Published on 19/03/2004

19 March 2004

DUSSELDORF – Thanks to last’s summer heatwave, the latest German vintage is proving the best since the immortal wines of 1540, according to Prince Michael of Salm-Salm, president of a group representing the country’s most prestigious wineries.

Only four bottles of wine from the greatest of all vintages have survived the four and a half centuries since, noted Salm-Salm, who heads the Federation of Predicate Vineyards VDP. He advises vintners not to sell the 2003 wine all at once but to stockpile it.

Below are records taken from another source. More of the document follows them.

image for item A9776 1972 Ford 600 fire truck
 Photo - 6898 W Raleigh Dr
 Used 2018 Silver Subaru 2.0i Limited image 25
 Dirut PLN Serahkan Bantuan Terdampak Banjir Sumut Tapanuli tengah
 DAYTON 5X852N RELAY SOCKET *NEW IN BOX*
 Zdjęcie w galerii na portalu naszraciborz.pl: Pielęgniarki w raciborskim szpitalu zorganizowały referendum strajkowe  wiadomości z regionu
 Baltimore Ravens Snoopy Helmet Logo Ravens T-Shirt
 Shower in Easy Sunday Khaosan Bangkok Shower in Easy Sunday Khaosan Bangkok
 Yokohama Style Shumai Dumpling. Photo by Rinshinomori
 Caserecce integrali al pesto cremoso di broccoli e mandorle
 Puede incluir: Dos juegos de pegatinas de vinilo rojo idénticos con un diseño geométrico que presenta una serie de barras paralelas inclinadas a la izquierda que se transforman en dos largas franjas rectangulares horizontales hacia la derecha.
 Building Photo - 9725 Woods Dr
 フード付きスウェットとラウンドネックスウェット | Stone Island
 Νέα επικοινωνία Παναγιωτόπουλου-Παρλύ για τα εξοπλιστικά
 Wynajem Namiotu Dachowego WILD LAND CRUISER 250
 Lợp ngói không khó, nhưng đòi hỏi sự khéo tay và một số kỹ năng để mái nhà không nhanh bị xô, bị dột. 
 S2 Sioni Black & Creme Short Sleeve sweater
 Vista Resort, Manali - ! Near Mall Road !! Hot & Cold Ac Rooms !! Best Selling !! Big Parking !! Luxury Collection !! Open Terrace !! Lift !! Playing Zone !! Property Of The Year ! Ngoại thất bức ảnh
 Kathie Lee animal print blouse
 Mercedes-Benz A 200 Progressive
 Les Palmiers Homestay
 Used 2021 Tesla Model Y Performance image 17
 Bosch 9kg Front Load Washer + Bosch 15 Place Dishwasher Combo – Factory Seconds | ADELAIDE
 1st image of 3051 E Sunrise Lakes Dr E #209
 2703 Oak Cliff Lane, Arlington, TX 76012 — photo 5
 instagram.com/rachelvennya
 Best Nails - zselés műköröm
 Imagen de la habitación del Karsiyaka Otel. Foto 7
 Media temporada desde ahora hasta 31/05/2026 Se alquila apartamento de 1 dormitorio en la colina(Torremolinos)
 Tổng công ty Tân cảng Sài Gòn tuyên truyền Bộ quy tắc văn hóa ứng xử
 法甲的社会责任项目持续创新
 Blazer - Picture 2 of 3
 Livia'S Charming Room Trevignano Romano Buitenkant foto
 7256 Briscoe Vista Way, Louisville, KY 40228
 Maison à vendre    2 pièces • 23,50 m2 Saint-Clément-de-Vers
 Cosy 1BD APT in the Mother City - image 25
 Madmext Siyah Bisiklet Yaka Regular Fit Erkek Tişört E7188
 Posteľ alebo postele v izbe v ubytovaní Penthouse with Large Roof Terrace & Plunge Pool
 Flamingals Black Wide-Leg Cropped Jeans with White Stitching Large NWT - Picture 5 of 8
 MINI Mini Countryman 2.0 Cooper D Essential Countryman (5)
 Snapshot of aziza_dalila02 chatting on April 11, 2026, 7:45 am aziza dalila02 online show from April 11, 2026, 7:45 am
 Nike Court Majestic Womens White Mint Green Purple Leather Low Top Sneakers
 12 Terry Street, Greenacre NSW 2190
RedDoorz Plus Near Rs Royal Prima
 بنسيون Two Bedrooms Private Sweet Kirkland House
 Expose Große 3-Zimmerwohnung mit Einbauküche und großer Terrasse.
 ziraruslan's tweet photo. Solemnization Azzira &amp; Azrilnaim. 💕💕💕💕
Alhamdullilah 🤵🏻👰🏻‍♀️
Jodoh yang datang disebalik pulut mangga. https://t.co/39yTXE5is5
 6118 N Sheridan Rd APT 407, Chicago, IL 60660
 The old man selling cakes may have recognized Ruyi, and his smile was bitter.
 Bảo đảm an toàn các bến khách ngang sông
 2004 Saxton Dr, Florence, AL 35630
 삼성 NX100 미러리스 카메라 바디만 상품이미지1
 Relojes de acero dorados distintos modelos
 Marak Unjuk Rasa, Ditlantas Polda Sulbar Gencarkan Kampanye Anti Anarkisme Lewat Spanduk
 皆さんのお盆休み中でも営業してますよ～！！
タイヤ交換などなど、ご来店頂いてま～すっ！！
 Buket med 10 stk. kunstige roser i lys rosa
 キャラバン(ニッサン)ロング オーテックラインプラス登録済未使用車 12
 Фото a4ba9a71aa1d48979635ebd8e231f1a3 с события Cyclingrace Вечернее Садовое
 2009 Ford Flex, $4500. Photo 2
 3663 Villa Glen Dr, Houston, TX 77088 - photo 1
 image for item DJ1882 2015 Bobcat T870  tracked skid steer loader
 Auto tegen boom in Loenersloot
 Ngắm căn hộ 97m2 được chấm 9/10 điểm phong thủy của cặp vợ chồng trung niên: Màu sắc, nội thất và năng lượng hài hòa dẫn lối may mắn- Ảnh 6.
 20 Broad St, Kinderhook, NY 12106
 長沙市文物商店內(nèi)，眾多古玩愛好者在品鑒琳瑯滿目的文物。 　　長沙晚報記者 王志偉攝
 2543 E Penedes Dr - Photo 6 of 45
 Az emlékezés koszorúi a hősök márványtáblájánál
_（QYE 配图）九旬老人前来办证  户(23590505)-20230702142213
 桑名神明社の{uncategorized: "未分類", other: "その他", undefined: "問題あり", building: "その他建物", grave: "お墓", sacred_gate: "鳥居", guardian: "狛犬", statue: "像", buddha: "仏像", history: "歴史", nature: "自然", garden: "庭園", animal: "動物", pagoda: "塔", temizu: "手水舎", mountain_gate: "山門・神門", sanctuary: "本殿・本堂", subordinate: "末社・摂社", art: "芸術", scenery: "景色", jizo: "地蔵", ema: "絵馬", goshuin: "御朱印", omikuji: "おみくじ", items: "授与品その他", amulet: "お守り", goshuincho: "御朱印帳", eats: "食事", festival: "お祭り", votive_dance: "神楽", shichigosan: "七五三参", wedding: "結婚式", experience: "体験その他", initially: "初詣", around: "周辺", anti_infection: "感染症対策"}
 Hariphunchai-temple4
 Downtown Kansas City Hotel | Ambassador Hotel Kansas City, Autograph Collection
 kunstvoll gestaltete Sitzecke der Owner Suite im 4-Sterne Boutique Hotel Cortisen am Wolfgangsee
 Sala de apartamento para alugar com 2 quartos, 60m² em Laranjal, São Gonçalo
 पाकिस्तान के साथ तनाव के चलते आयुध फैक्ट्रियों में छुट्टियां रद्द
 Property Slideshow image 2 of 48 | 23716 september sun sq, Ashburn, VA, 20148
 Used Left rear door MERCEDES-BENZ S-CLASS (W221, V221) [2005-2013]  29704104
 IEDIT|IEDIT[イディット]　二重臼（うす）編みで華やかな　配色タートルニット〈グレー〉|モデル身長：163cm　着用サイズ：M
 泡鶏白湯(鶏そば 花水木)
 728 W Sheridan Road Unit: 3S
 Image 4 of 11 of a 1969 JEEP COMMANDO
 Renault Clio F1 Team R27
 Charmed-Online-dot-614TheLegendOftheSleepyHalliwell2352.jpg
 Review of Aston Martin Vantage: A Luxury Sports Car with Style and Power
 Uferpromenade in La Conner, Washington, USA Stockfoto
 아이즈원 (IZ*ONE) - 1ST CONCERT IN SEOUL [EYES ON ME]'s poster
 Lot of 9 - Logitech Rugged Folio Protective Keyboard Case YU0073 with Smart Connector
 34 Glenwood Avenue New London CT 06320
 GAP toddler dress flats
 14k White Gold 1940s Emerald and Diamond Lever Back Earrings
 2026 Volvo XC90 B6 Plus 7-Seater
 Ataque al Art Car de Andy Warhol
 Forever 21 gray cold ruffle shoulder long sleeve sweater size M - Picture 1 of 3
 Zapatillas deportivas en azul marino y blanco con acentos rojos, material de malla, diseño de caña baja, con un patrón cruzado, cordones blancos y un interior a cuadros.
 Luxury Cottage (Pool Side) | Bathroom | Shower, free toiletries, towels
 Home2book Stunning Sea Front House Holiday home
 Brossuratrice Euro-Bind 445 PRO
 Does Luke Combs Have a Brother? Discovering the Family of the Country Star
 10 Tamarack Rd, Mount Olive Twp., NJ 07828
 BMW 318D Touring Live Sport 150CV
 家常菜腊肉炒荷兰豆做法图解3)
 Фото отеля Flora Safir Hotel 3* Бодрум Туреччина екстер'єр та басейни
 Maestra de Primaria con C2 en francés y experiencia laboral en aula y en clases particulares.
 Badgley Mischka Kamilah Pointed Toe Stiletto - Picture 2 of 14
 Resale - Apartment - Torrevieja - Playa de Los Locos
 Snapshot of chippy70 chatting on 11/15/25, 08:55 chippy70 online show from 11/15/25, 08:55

Last summer was not the sunniest on record in Germany’s Rhine and Moselle Valleys – that record was set in 1921 with a margin of 121 hours over 2003. But the hot and hazy weather was perfect to give the grapes maximum flavour.

The German pinot noirs, known as Spaetburgunder, had an unprecedented intensity of colour, a complex structure and were naturally sufficiently acid despite a powerful alcohol level, the prince said.

The VDP, which comprises 196 vineyards and only admits new members after stringent tests, expects to release for tasting the full ranges from 145 of its members at the Mainz Wine Exchange on April 25-26.

German export wine is gradually rising in quality after decades where the world picture of the product was dominated by cheap and cheerful blended brands such as Liebfraumilch while the top vineyards, often owned by aristocrats, sold to a select home market.